Works with any 40-pin Raspberry Pi, including the Pi 400 keyboard computer where direct HAT mounting isn't possible. Check the product images for pin configuration when using as a GPIO extender.

Key Features

  • Male-to-Female – Socket plugs onto the Pi, plug side accepts HATs and accessories
  • 150mm Length – Provides clearance between Pi and add-ons
  • 2×20 Pin (40-Pin) – Extends all GPIO, I2C, SPI, power, and ground pins
  • Flat Ribbon Construction – Neat, organised cable routing

Specifications

  • Connector – 2×20 (40-pin) IDC
  • Pitch – 2.54mm (0.1″)
  • Cable Length – 150mm
  • Ends – Male plug + female socket

Compatibility

  • Any Raspberry Pi with a 40-pin GPIO header (A+, B+, 2, 3, 4, 5, Zero, 400)

Ideal For

  • Raspberry Pi 400 HAT and Bonnet connections
  • Enclosed builds requiring external GPIO access
  • Prototyping with remote HAT mounting

Package Contents

  • 1× 40-Pin GPIO Male-to-Female Ribbon Cable (150mm)

Jargon buster

Plain-language definitions for the technical terms used above.

GPIO
General-purpose input/output pins are microcontroller pins you can set in software to read signals, switch devices on and off, or connect to peripherals. The number of GPIO pins matters because it limits how many buttons, LEDs, sensors, and other parts you can wire directly to the board.
I2C
I2C is a two-wire communication bus used by many sensors and small modules.
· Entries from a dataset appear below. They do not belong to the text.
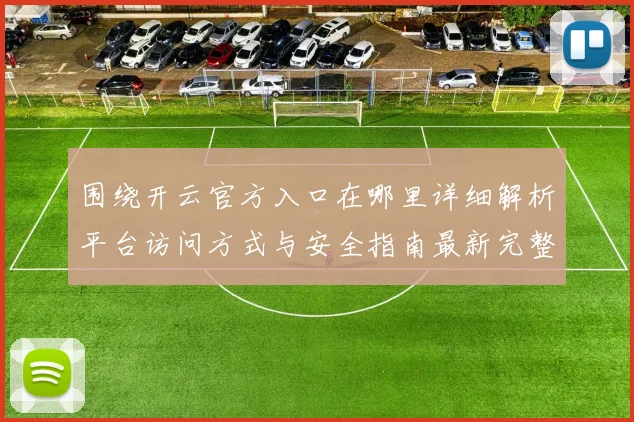 围绕开云官方入口在哪里详细解析平台访问方式与安全指南最新完整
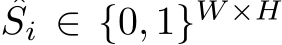 Si ∈ {0, 1}W ×H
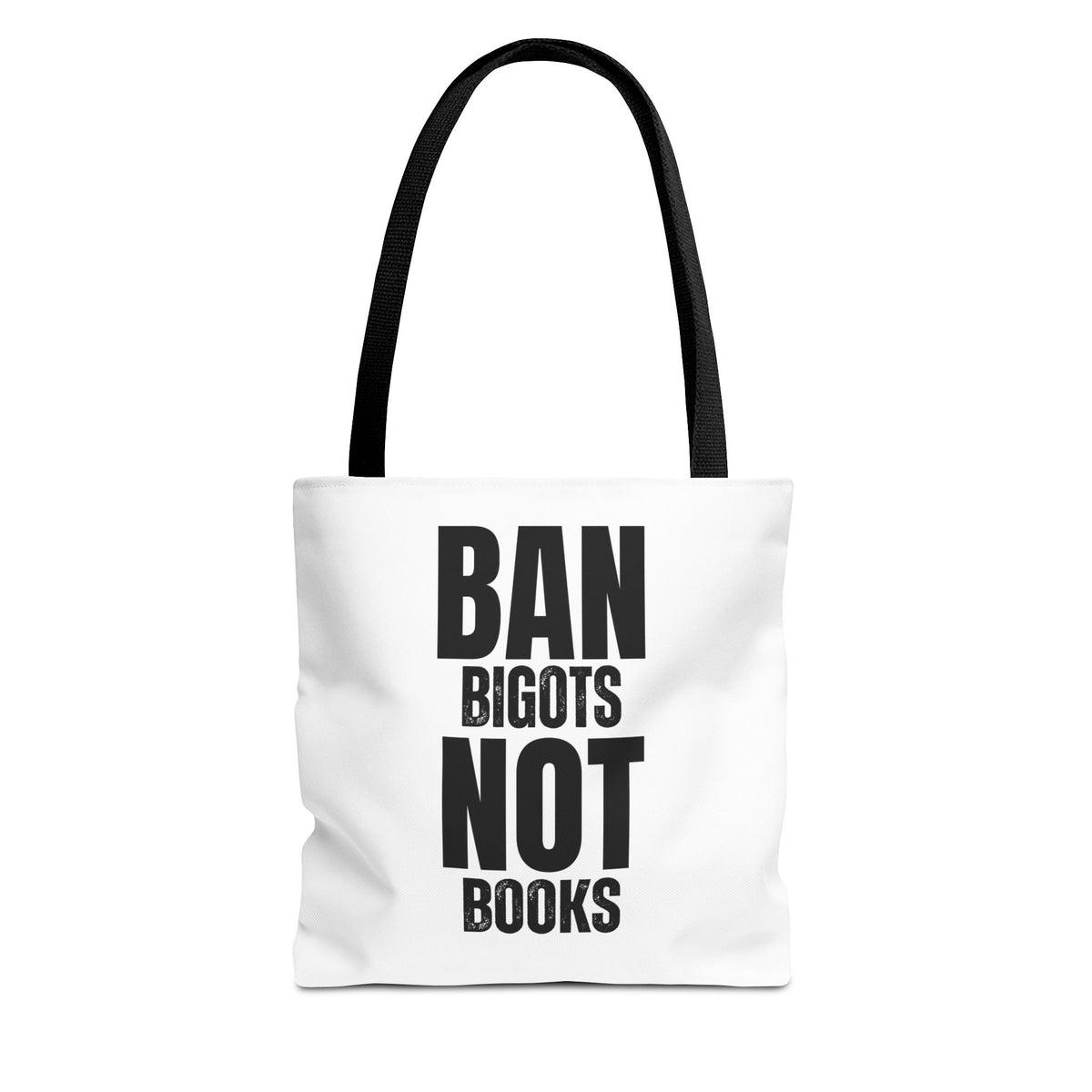 Ban Bigots Not Books Tote Bag — Protest Slogan Book-Lover Canvas Tote
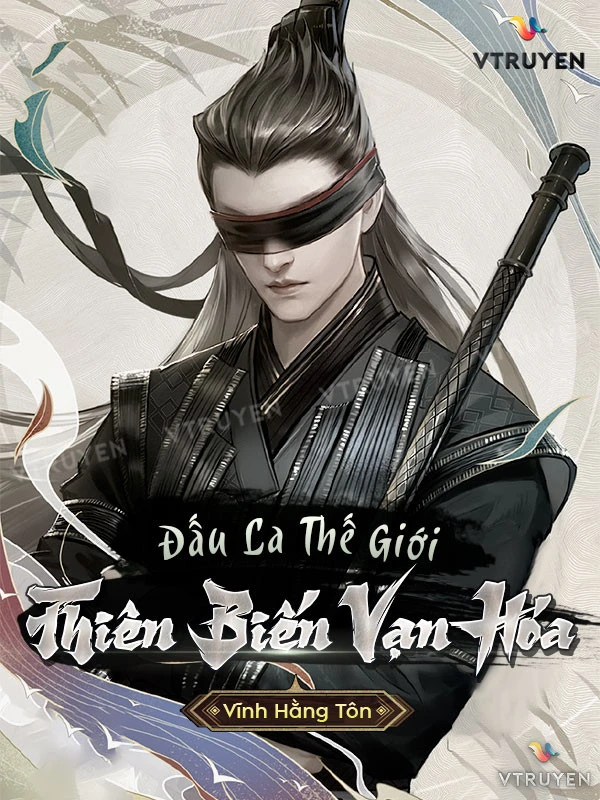 [Truyện Chữ] - Đấu La Thế Giới : Thiên Biến Vạn Hóa
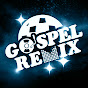 Gospel Remix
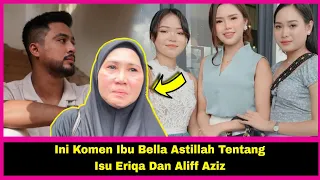 Ini Komen Ibu Bella Astillah Tentang Isu Erica Astillah Dan Aliff Aziz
It matters because several I2C devices can share the same two wires, but each device needs a compatible address and your controller must support I2C.
SPI
A fast serial communication bus often used for displays, memory cards, and sensors. It matters because SPI devices need specific pins for clock and data, plus a separate chip-select line for each device.